I love her.  I love this gentle girl who has gone through so much pain and hardship, who’s lost her parents to what she believes is a curse that she shares, who is afraid of herself as much as she fears the hatred of those around her.  I can’t tell you how many times I started talking to my screen while going through her supports, because you’re wrong Marianne you do deserve happiness you are good at things I believe in you even if you don’t believe in yourself.  She’s very relatable, honestly, with her shyness coupled with self-deprecation as a defense mechanism to keep people away, not to mention the deep depression; again, mental health issues are generally a taboo thing in media, so I was more than a little shocked when I got her A support and realized just what she’d been praying so fervently to the Goddess for.  But I also love that about her: she held strong, and she made it through to a better place, which is such a wonderfully hopeful story for anyone with similar struggles, showing that things can get better if you just hold on.  
Who do I ship this character with romantically?
I have an answer this time and technically I spoiled it in an earlier character breakdown.  Because it’s Dimitri.  I love these two broken people and the idea of them managing to support each other, using one another as an anchor to keep from falling further and slowly pulling themselves back out of the lonely places they’ve fallen, both with the other’s help and with the other in mind.  I think they would make a wonderful pair since they understand the other’s struggles so deeply, and I’m aiming for their paired endcard in my AM run in progress.

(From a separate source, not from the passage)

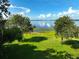 Picturesque lake view showcasing a lush lawn and tranquil waters, enhanced by two boat docks at 6100 Alligator Lake W Shr, St Cloud, FL 34771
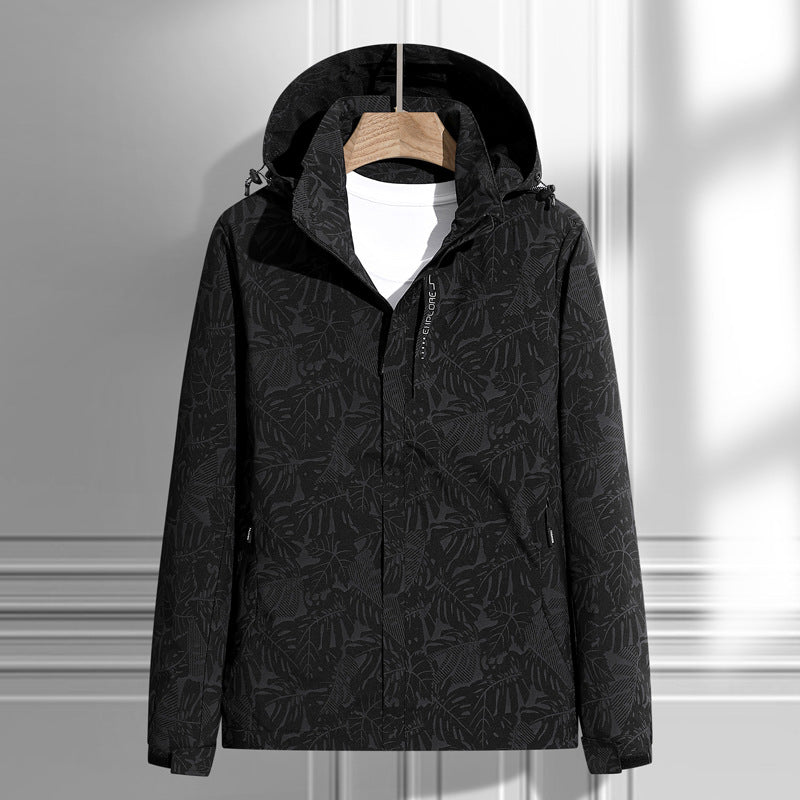 Women's lightweight packable rain and wind jacket with hood, leaf pattern and concealed zippers Mune Fashion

Also, not gonna lie, I do low-key ship her with Hilda because cotton candy girlfriends.  I just think they’re sweet and I love how Marianne laughs in their A support, how bright and open and cheerful it sounds.  It just does my heart good.
Who is my brOTP for this character?
Marianne deserves to have so many friends.  Aside from Claude (who is friends with just about everyone, this is non-negotiable with me), I really love her supports with Ignatz, and how he’s so gentle in coaxing her out of her shell and reassuring her that he enjoys sharing time with her.  They’re sweet, and I love their friendship dearly.  Also, surprisingly, Lorenz is another one who comes to mind; their A support was one of those that hit me right in the heart, and the fact that he’s so conscious of her feelings and urges her not to force herself to talk about things that upset her makes me think they would be very close friends, with Lorenz looking out for her and even running casual interference for her when she gets overwhelmed before inviting her to tea so she can calm down.
What’s my Unpopular Opinion™ about this character?
Okay so I know that Fandom loves the idea that Marianne is Berkut and Rinea’s kid.  And my unpopular opinion is that that is a terrible, terrible thing to do to her.  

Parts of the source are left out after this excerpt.